The Story Behind the Incredible Indelible Ink used to Mark Voters during Elections!

Voting this election, right India? Well, then show your finger. Oh, what is that dark mark on it? Is it the indelible ink? Why is it so stubborn? What’s the story behind it?

Hitanshu Bhatt
New Update
indelible ink

The wave of elections is going on in India and with 5 phases already done, we are sure you might have a mark on your finger if you have already voted. Ever wondered who makes this permanent ink that usually stays up to 3 days despite regular wash?

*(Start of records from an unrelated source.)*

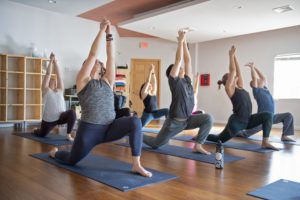 Brightly lit yoga class of students performing a variation of Warrior 1 pose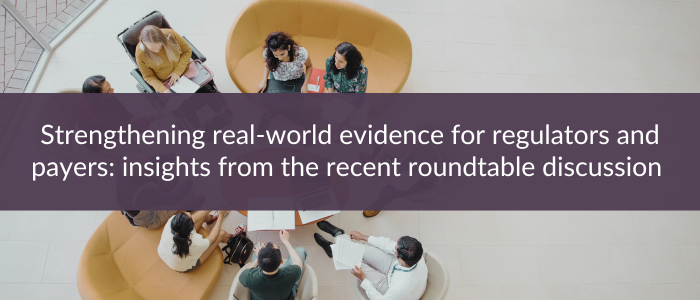 Overhead view of people sitting in a round seating area discussing documents, with text reading “Strengthening real-world evidence for regulators and payers: insights from the recent roundtable discussion.”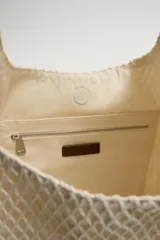 Bolso tipo shopper de tejido de algodón color beige, con diseño de red exterior y compartimento principal con cierre de imán. Cuenta con asa de mano oscura a contraste y bolsillos interiores.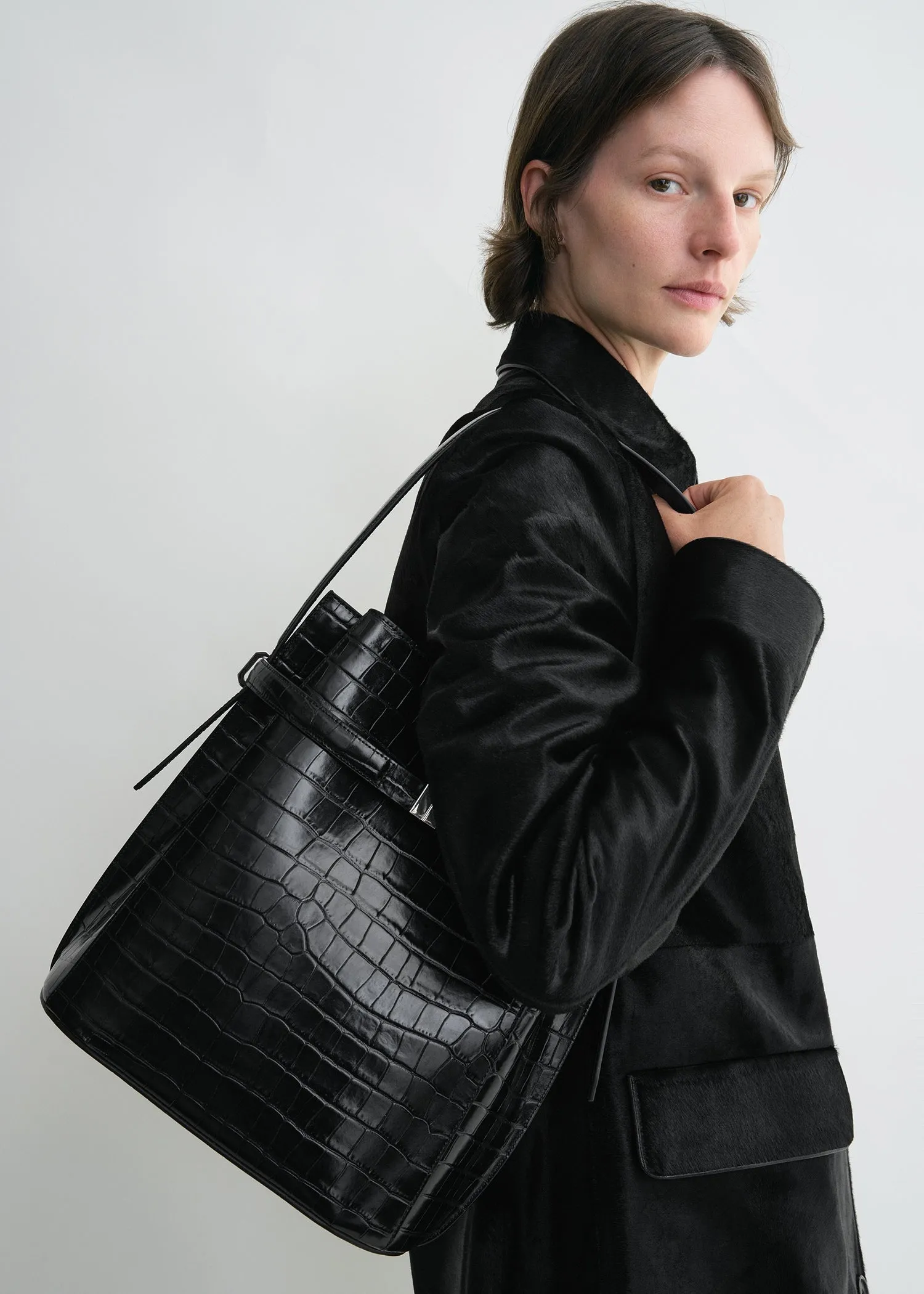 Belted croco-embossed bucket bag black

Well, this is a product of Mysore Paints and Varnish Limited which was established by the name Mysore Lac and Paint Works in 1937 by Nalwadi Krishnaraja Wodeyar, the then Maharaja of Mysore province. But Mysore Paints was not the one to make this indelible ink in the first place. Confused? Read further to know the entire story. 

Nalwadi Krishnaraja Wodeyar - Founder of Mysore Lac & Paint Works (Source)

It was in the 1950s that the government of India and the Election Commission felt the need to eliminate bogus voting and develop a solution to identify voters who had already cast their ballots. In response to this appeal from the government, the Council of Scientific and Industrial Research (CSIR) began researching the production of an indelible ink. The team of CSIR scientists at the National Physical Laboratory (CSIR-NPL) in New Delhi worked rigorously and developed a chemical formula for this ink.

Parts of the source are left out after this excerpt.